WHAT YOU SHOULD DO:
Could you transcribe the entries below exactly, starting at the line that contains "アメリカのウィドジョンは岩の上でアヒルをする セラミックオーナメント (右)" and stopping at the last line, without any pictures?

Stored dataset items:
*** Begin section ***
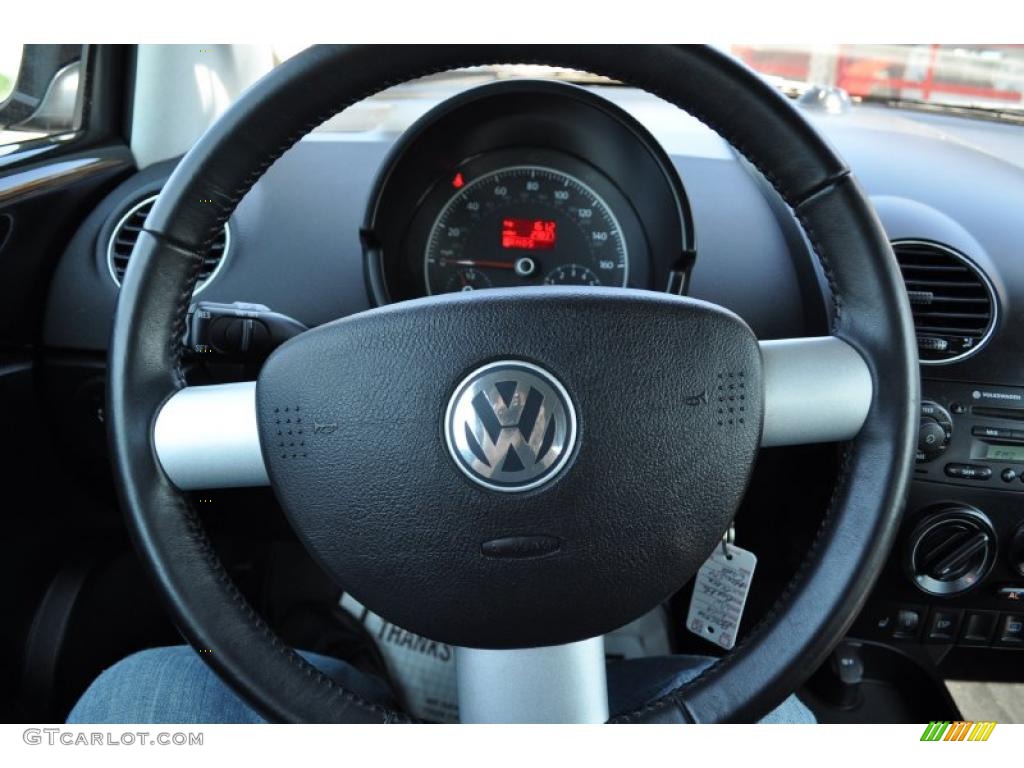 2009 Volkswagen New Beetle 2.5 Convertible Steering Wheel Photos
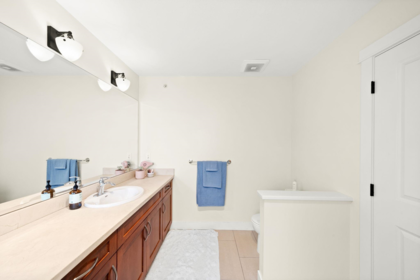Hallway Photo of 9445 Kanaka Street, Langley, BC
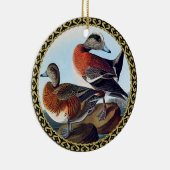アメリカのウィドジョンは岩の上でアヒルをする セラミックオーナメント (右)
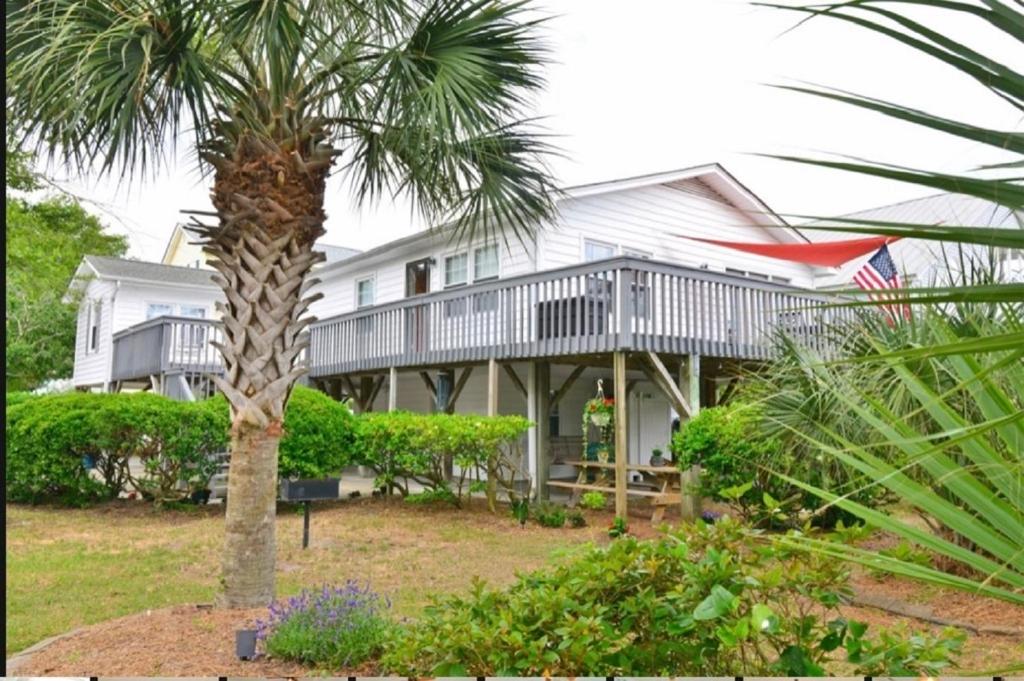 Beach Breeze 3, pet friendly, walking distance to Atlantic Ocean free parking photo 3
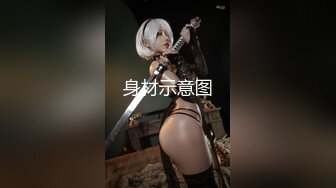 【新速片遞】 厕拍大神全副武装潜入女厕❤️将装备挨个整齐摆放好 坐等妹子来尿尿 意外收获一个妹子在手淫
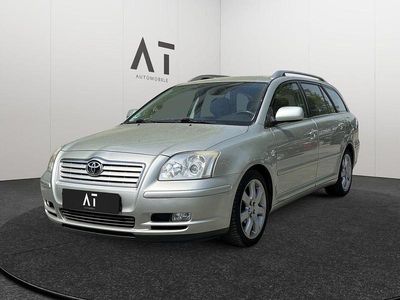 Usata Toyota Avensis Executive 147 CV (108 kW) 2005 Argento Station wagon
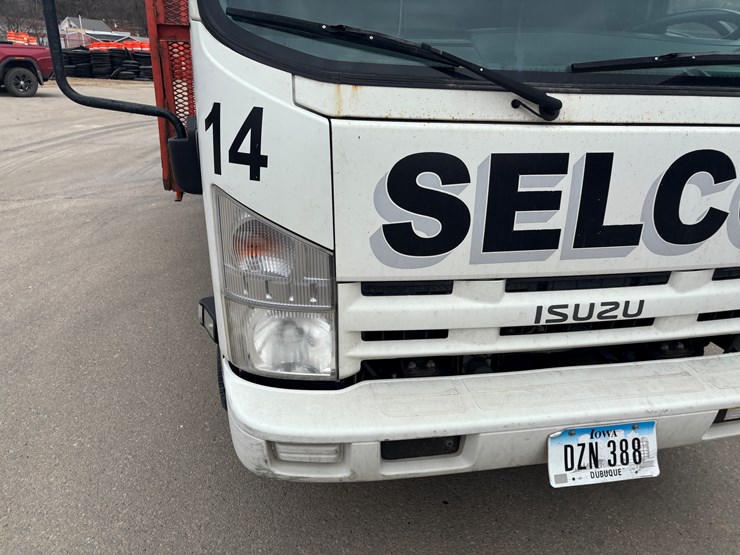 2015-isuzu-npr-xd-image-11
*** End section ***
EXERCISE ANSWER:
アメリカのウィドジョンは岩の上でアヒルをする セラミックオーナメント (右)
 Beach Breeze 3, pet friendly, walking distance to Atlantic Ocean free parking photo 3
 【新速片遞】 厕拍大神全副武装潜入女厕❤️将装备挨个整齐摆放好 坐等妹子来尿尿 意外收获一个妹子在手淫
 Usata Toyota Avensis Executive 147 CV (108 kW) 2005 Argento Station wagon
 2015-isuzu-npr-xd-image-11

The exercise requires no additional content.